VideoSoul singer Miss Rae ready to share her voice with the world
Posted by Jen Zoratti, SCENE Writer | Wednesday May 1, 2013
Miss Rae will perform at New Music Wednesday on May 1.
For most of my life I was a 'closet singer,' worried that my voice was too strange, too loud, too low, and too wild to be embraced.
—Miss Rae, musician
Newcomer Cheyenne Rae Bruneau, aka soulstress Miss Rae, has such a great big, bold voice and sings the blues with such heavy, world-weary conviction, it's hard to believe she's only 21.
It's harder still to believe that she almost kept that voice from the world.
"For most of my life I was a 'closet singer,' worried that my voice was too strange, too loud, too low, and too wild to be embraced," she said. "At nine years old I would sing along to my mom's old records, and she'd take me out to the Sidetrack Cafe on school nights to watch the Blues Jams. As a teenager, I was fortunate enough to be awarded a bursary to attend Rachelle Van Zanten's Rocker Girl Camp, it was there where I sang on stage for the first time."

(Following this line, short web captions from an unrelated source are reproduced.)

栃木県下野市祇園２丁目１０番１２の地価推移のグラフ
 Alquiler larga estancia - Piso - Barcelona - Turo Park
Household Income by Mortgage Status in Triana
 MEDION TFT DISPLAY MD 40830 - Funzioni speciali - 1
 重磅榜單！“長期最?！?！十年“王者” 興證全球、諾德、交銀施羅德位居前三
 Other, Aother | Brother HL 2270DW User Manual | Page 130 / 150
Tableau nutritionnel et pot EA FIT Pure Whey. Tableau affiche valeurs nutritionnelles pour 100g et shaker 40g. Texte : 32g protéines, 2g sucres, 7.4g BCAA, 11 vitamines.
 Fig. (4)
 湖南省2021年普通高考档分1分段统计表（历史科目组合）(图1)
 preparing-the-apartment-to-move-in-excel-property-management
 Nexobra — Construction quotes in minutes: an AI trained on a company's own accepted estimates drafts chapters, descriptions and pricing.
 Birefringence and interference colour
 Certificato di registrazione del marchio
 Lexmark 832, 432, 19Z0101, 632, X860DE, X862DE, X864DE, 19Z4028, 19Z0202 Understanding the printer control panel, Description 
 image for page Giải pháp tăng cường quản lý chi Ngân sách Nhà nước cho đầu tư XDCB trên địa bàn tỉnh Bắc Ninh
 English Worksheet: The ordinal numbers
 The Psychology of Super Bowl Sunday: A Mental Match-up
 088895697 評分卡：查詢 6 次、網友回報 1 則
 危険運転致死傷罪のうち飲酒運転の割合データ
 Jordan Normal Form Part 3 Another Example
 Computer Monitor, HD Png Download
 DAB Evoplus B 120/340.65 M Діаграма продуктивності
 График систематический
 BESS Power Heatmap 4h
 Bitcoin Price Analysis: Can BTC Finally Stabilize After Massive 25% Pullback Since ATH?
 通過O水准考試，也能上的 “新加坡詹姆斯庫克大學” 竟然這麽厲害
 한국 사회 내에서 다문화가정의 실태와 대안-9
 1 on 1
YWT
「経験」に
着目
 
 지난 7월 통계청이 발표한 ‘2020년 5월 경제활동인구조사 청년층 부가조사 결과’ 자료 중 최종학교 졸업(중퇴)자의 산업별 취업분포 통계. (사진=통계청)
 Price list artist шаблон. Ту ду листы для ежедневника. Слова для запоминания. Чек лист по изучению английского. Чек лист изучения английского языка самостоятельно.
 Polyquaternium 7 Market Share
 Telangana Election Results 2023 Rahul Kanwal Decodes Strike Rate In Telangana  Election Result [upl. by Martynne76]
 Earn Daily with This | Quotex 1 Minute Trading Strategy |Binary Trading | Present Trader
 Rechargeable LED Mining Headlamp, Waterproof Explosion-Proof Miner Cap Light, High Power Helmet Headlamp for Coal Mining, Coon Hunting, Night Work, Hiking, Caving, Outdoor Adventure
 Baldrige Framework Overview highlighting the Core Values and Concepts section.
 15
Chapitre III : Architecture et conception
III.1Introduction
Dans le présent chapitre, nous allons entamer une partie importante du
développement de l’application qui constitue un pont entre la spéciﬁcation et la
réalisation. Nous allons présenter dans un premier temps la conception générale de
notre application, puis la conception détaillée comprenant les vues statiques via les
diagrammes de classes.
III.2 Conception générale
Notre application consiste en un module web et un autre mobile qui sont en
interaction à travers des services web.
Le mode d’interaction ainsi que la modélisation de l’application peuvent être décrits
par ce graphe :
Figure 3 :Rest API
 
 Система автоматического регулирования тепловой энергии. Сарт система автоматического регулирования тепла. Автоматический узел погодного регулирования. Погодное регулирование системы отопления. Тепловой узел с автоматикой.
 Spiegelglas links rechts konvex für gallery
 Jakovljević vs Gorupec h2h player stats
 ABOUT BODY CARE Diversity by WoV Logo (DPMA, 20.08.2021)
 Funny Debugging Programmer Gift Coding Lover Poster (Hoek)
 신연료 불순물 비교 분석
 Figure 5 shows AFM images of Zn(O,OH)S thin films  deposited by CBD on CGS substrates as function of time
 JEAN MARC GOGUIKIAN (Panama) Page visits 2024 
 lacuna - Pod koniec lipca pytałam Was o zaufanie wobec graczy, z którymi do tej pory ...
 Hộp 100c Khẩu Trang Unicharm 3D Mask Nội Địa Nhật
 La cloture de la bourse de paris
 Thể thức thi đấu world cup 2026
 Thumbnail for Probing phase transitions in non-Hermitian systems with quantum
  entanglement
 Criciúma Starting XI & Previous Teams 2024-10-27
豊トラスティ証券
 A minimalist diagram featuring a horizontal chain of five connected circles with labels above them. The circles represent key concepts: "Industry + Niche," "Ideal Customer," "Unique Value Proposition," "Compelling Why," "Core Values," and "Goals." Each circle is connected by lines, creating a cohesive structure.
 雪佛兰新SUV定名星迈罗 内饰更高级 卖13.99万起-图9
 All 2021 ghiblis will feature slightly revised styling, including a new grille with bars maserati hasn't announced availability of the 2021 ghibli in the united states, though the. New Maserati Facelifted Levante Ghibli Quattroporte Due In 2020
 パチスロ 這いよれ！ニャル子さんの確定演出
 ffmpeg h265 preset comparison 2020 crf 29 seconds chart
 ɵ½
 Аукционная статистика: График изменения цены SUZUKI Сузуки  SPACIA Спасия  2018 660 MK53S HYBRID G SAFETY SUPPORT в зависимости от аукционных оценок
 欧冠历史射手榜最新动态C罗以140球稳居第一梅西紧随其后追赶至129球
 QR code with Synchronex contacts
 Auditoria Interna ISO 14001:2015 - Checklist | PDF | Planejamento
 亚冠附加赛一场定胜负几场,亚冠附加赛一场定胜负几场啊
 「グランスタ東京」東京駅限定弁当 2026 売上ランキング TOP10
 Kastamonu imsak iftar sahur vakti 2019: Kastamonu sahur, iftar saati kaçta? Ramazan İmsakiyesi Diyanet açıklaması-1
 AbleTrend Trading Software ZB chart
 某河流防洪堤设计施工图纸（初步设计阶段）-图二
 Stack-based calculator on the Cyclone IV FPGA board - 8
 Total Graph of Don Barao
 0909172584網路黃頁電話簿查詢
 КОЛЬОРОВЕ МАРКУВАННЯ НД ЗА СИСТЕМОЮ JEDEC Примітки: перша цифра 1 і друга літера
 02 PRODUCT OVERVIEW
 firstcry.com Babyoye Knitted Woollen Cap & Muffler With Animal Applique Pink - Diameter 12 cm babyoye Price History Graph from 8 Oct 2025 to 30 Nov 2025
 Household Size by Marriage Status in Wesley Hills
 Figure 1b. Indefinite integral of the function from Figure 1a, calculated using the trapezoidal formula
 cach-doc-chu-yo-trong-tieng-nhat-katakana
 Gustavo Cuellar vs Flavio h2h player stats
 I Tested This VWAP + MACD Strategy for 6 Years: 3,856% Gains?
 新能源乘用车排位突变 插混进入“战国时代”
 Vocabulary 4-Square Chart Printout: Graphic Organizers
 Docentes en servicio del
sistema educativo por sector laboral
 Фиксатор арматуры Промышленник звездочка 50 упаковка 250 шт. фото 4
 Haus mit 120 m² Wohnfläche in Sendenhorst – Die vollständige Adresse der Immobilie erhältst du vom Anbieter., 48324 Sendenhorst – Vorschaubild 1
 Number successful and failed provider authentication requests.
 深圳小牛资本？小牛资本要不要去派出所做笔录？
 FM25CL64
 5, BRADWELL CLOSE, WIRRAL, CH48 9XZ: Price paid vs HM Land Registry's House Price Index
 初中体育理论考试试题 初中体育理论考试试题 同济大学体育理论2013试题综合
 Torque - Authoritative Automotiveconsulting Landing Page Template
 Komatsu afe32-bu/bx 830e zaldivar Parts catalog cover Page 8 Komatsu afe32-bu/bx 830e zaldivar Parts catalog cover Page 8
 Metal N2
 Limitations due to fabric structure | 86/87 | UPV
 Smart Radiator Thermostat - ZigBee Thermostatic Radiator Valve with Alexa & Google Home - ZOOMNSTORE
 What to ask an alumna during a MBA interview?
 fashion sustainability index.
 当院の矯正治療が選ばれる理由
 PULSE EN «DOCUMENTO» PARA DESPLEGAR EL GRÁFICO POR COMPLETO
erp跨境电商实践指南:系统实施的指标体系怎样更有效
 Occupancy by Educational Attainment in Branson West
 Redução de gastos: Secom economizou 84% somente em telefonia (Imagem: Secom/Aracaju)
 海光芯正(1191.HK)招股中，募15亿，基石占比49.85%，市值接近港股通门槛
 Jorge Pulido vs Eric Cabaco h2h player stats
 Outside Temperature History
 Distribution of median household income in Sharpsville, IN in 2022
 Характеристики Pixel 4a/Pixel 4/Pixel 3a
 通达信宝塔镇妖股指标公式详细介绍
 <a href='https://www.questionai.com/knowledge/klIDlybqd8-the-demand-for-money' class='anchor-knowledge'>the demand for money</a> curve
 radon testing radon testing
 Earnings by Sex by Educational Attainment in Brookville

Rae is a rabid music fan, too, which she's parlayed into a side gig as a live music photographer. When she moved to Winnipeg from Edmonton five years ago, she fell in love with the local blues/roots scene -- but, as an aspiring musician, she found she didn't really connect with any current female artists. Her rumble of a voice is not of the breathy, Feist variety, nor does she have the pipes of a pop star.
"Then I discovered the soulful, divine sound of Sharon Jones & the Dap-Kings," she recalled. "Sharon Jones reminded me that all women -- no matter their age or background -- could be celebrated as female musicians. Jones is in her 50s, with her high energy and passion, she is one of the most captivating performers alive today."
Happily for vocalists like Miss Rae, the recent success of such acts as Grammy-winning blues rockers Alabama Shakes, fronted by the inimitable Brittany Howard, and the Polaris Music Prize nominated Cold Specks, led by the ethereal voice of Al Spx, proves there's plenty of room in popular music for norm-challenging voices.
As a songwriter, Rae was drawn to the blues as a means to celebrate her own background, exploring her Métis and African heritage. She lives on a diet of Billie Holiday, Big Mama Thornton, Edith Piaf, Big Maybelle, Howlin' Wolf and Tom Waits.
It's little surprise, then, that Miss Rae's forthcoming full-length debut with her band The Midnight Ramblers will "convey the gritty tonal qualities of Delta blues, along with the soulfulness of old jazz and roots."
"We plan on recording the album live off the floor and on analogue at Empire Recording," she said. "They offer an array of vintage instruments, including an RCA 44 microphone from the 1930s, which I fell in love with at first sight. It was used as a film prop for most of its lifetime, and the sound quality just gives me the shivers."
And as Miss Rae says, it's a big microphone for a big voice.
You can catch Miss Rae performing a stripped-down set with guitarist Vince Andrushko at New Music Wednesday May 1 at Ozzy's. Miss Rae and The Midnight Ramblers will also be playing an album fundraiser show at The Park Theatre on June 7.